There is a lot of misunderstanding and confusion regarding SEO so here is is a basic overview of what is normal and what can be expected:
Q. What is a great result?
A. Any position on page one is generally considered a good result and is the goal we strive for.
Of course position 1 is even more desirable but aggressive behaviour in seeking rankings is very dangerous and can easily result in a penalty for the whole site. Therefore the risks must be balanced against the potential rewards.
Q. How long will it take before I see results?
A. The answer to this depends, as with all SEO issues, because it varies greatly from site to site. As an overview, you should see positive results within a month but it may take 3-6 months for low to medium competitive terms and a year or more for highly competitive keywords.
You should not look at SEO as a quick fix to better rankings in Google. It is a longer term investment.
Q. Why are there keywords in the report that are not improving?
A. Many of the keywords in the report we provide will have been included for reasons of safety with regards to Google. Google is always looking for ‘unnatural activity’ and focusing on a handful of keywords is certainly a red flag for this. Many of the keywords have been added to dilute ‘anchor text density’ and are not actively being promoted. They serve the purpose of keeping the density of any individual keywords below 1%.

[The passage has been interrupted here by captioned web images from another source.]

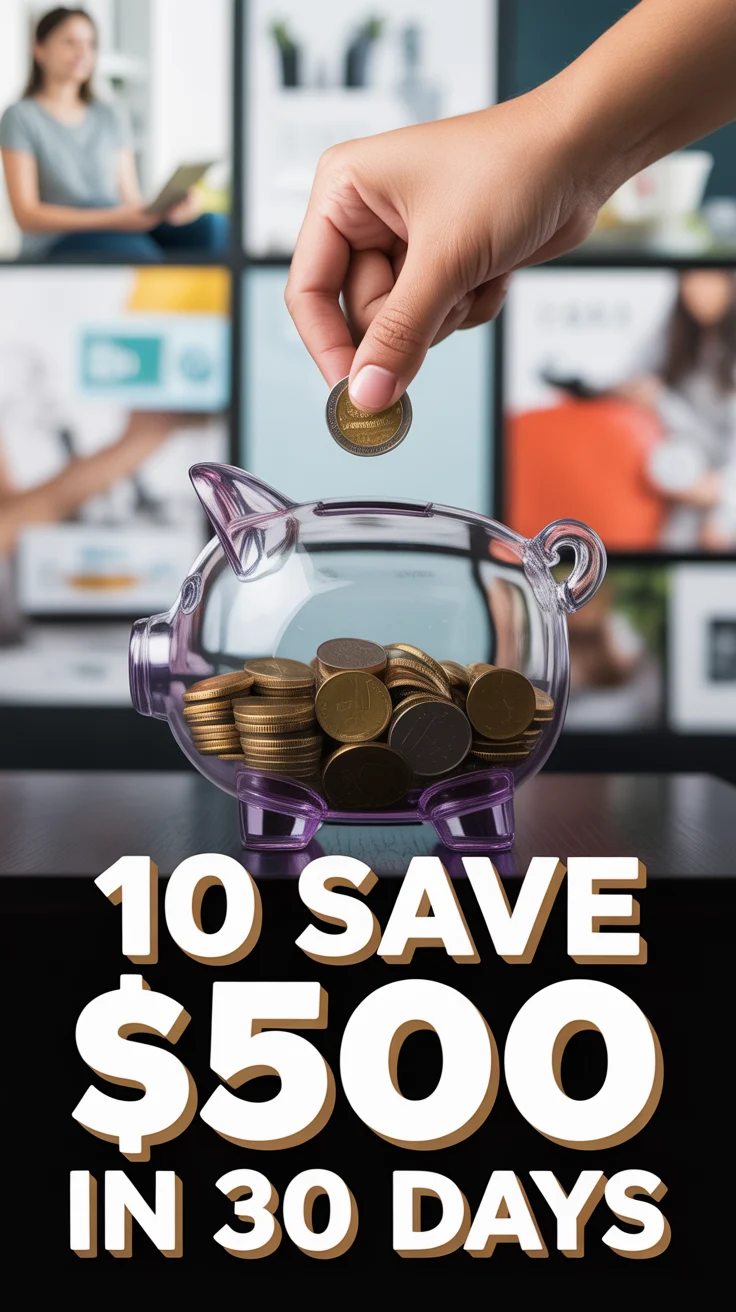 💰 10 Save 500 In 30 Days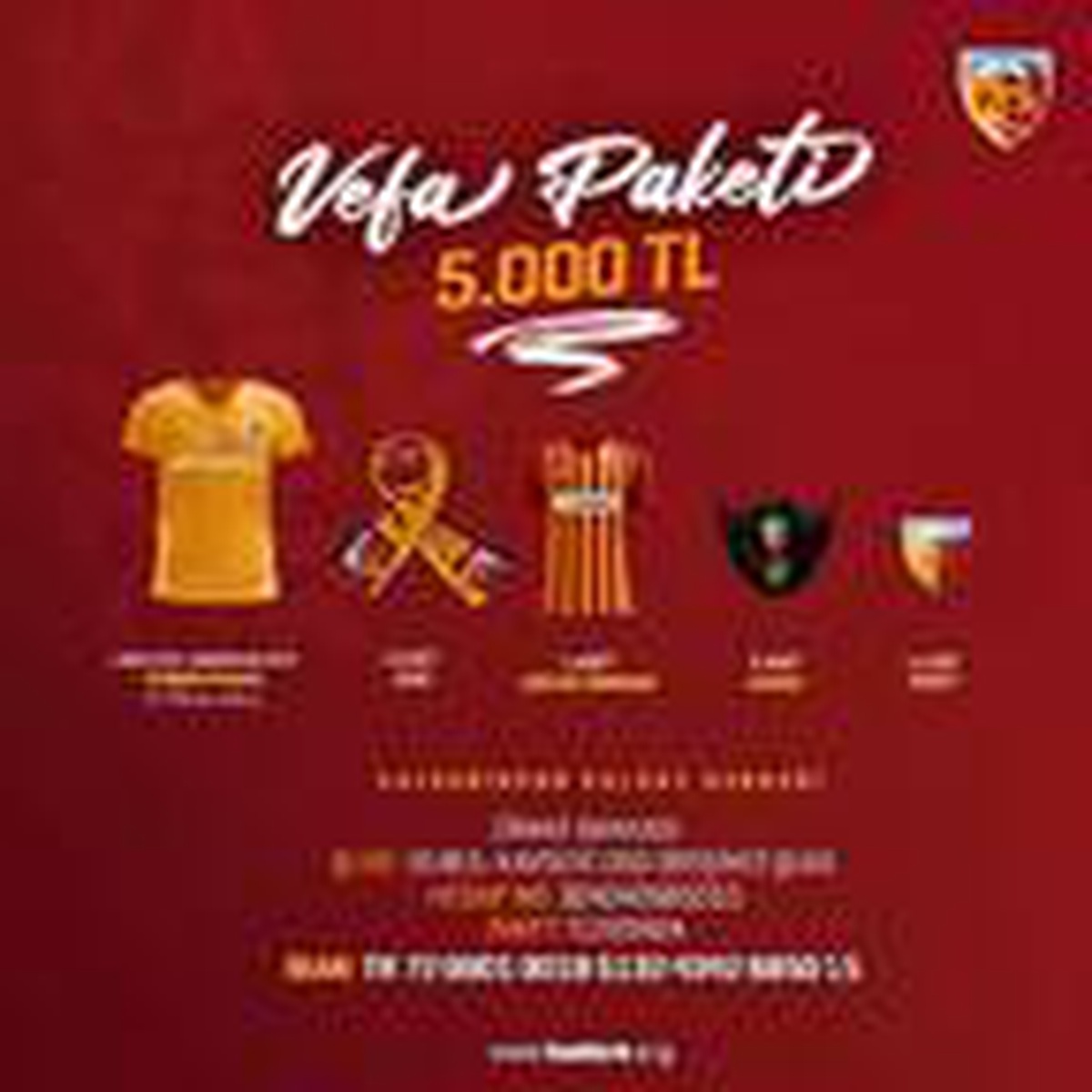 Kayserispor\'dan "Vefa Paketi" kampanyası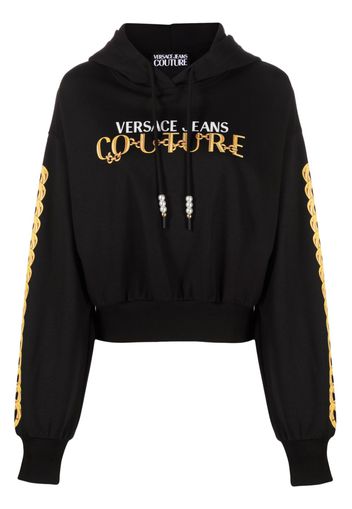 Versace Jeans Couture Felpa con stampa Logo Couture - Nero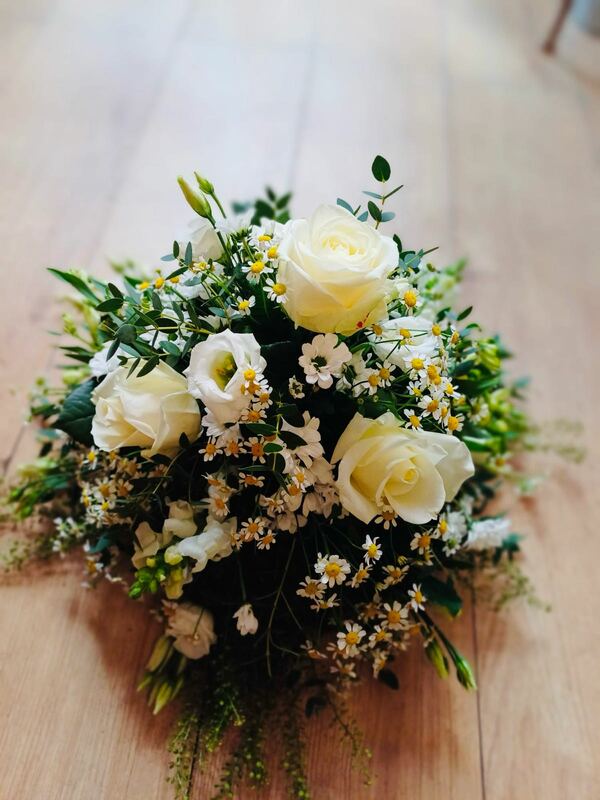 Flowers delivered to customer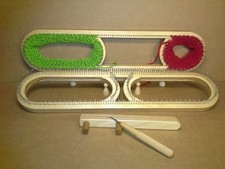 112 Strickrahmen XLverstellb. Strickring Strickstab Strickliesel Knitting Board 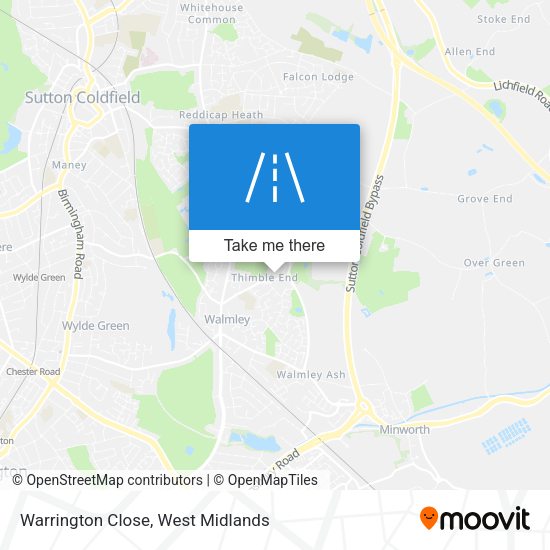 Warrington Close map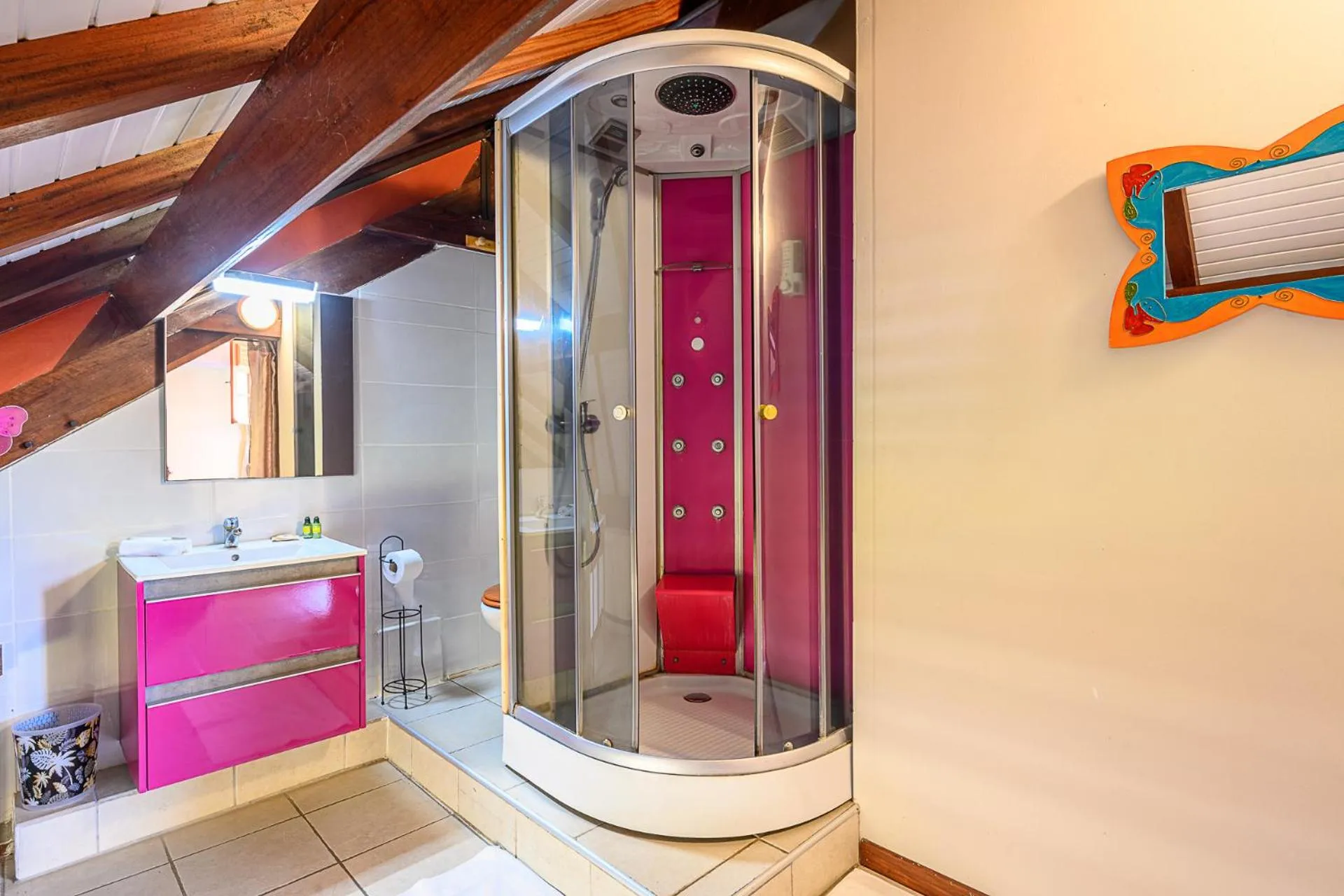 Shower in Bed and breakfast Riviere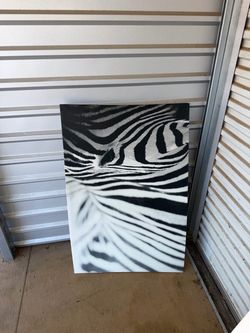 Zebra wall art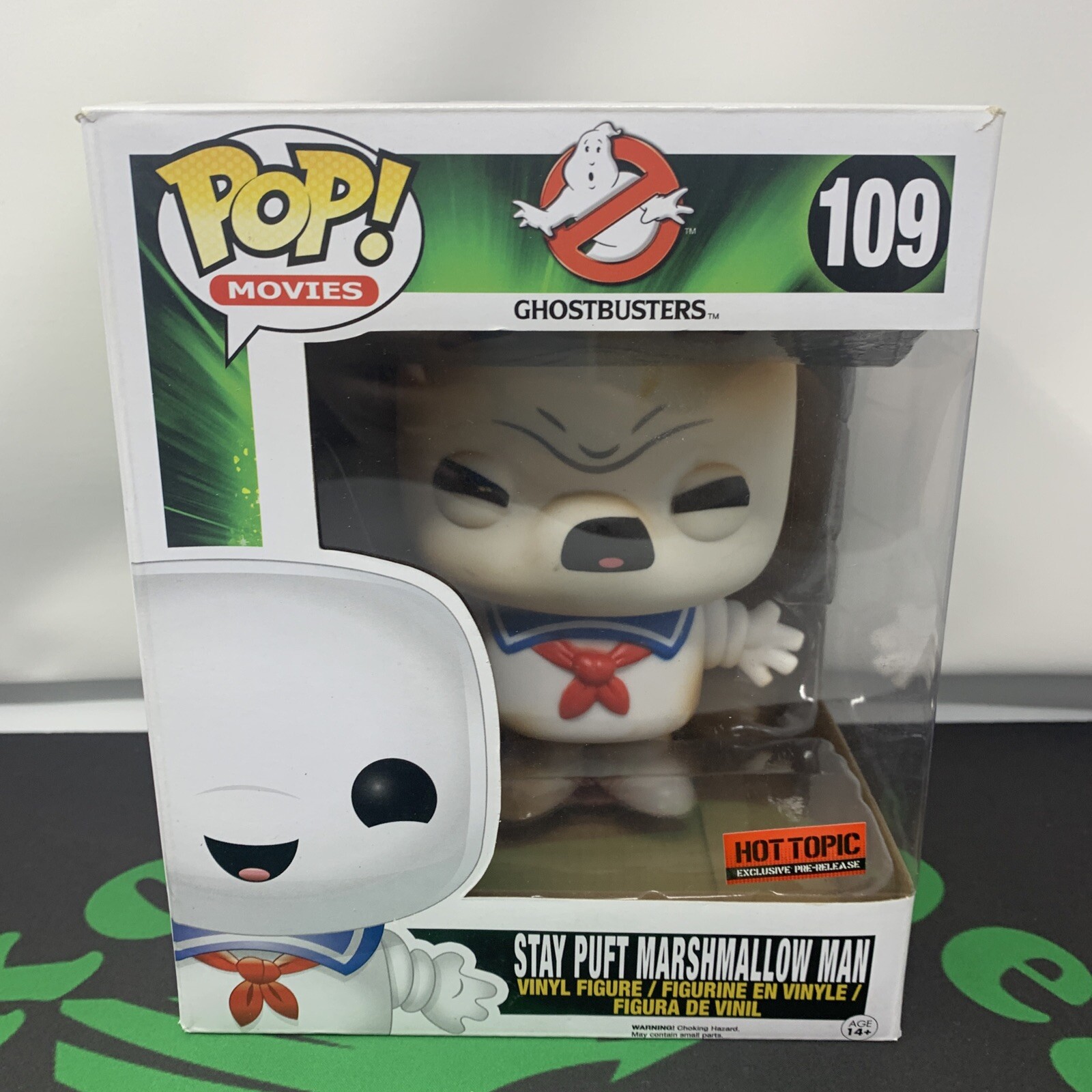 Funko POP! Movies Ghostbusters #109 Stay Puft Marshmallow Man Toasted Vaulted
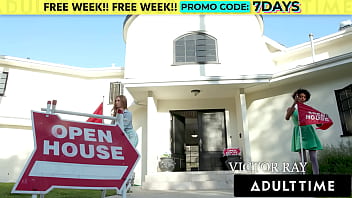 Preview 1 of Pretty Ladyboy Ola - ADULT TIME - PAWG Realtor Skylar Snow Gives Up Free Use Pussy To Client! EXTREME SQUIRTING ORGASMS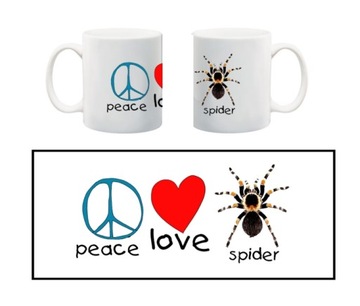 KUBEK pająk pająki ptasznik tarantula wzory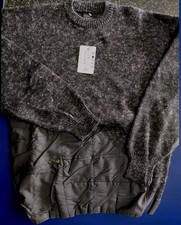 Men's Long Sleeve Wool Crew Neck Sweater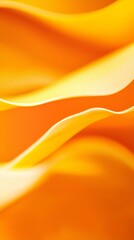 Wall Mural - flowing smooth orange waves create an elegant and abstract background, exuding a sense of dynamic mo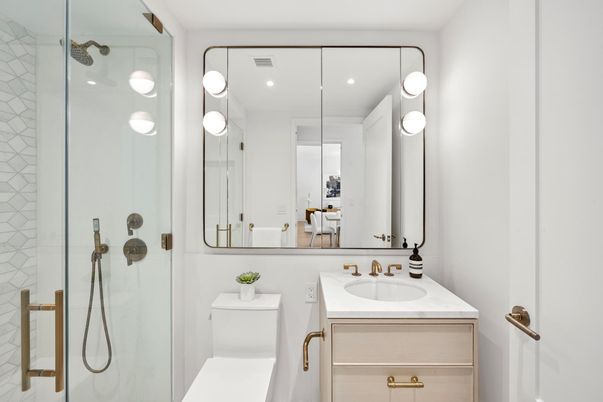 Bathroom, Glass Shower, Interior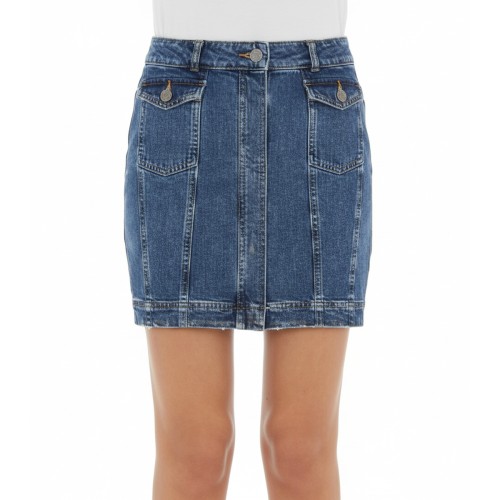 Moschino Denim Mini Skirt Blue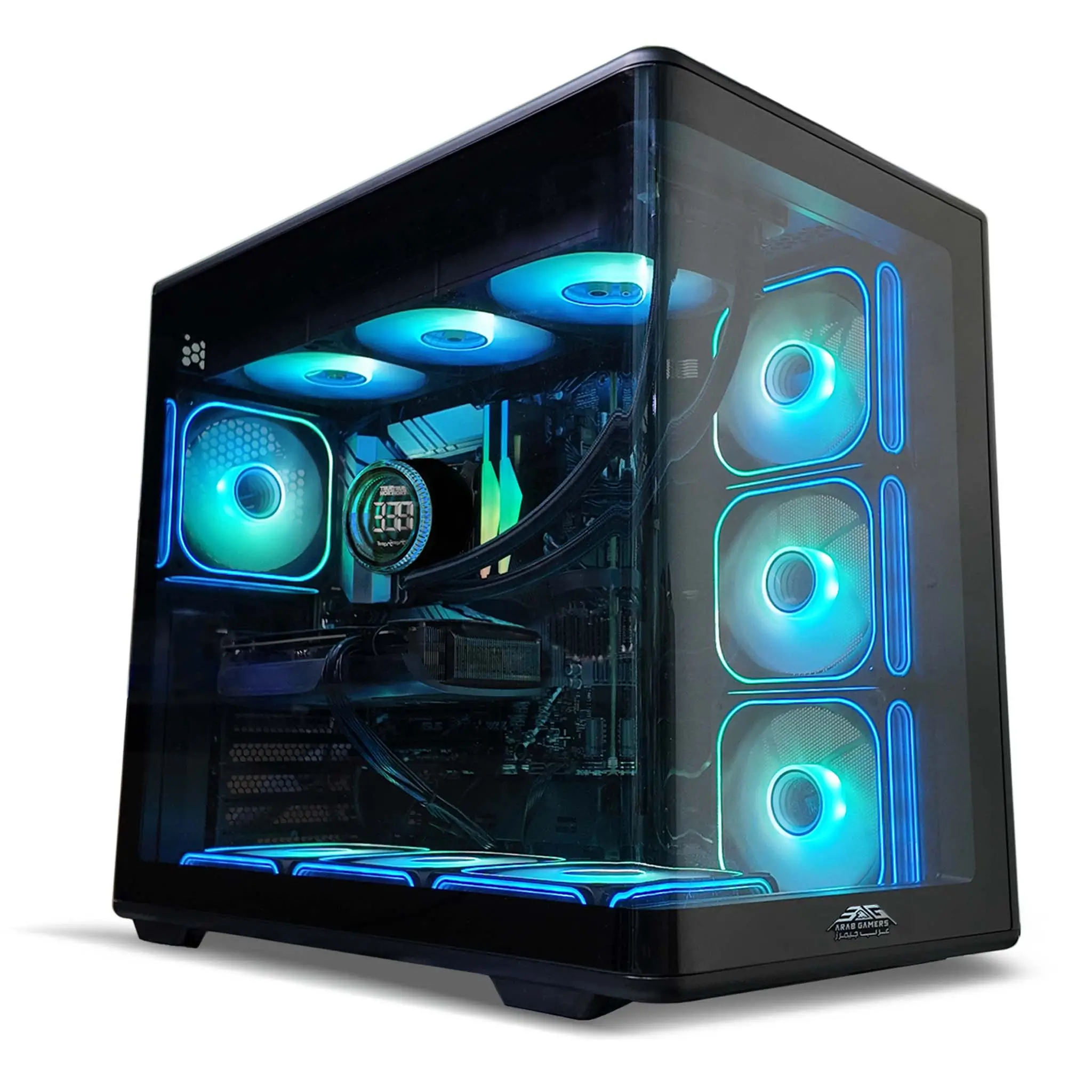 Workstation PC, AMD Ryzen 9 900X3D, NVIDIA GeForce RTX 5070 Ti 16GB Graphics Card, 32GB DDR5 RAM, 2TB NVMe SSD, Windows 11 Pro, RGB Black Gaming Case - Image 3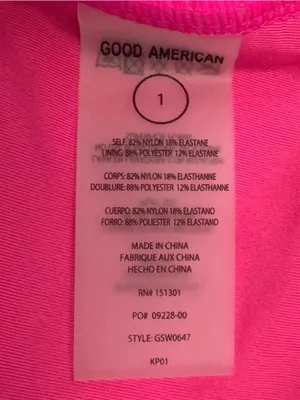 NEW Good American Deep Scoop Bikini Top Knockout Pink Women’s Small thumbnail 4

We will have used the core keywords given to us by you at the beginning of the project and these are what we actively focus on. The same is true if you see keywords in the report that you do not see as 100% relevant to your business. They are there for reasons of keyword density etc. so don’t be confused or concerned about this.
Q. Why are my rankings fluctuating?
A. There are several reasons for this. The first is the Google Caffeine algorithm. In simple terms, Google is viewing new activity as News. It wants to show breaking news activity in real time so ranking results can happen very quickly. After a period of time Google no longer views this as current news event and thus begins to lower the results. If no more activity happens then the drop remains; Google deeming that it was in fact news that is ageing and is no longer trending.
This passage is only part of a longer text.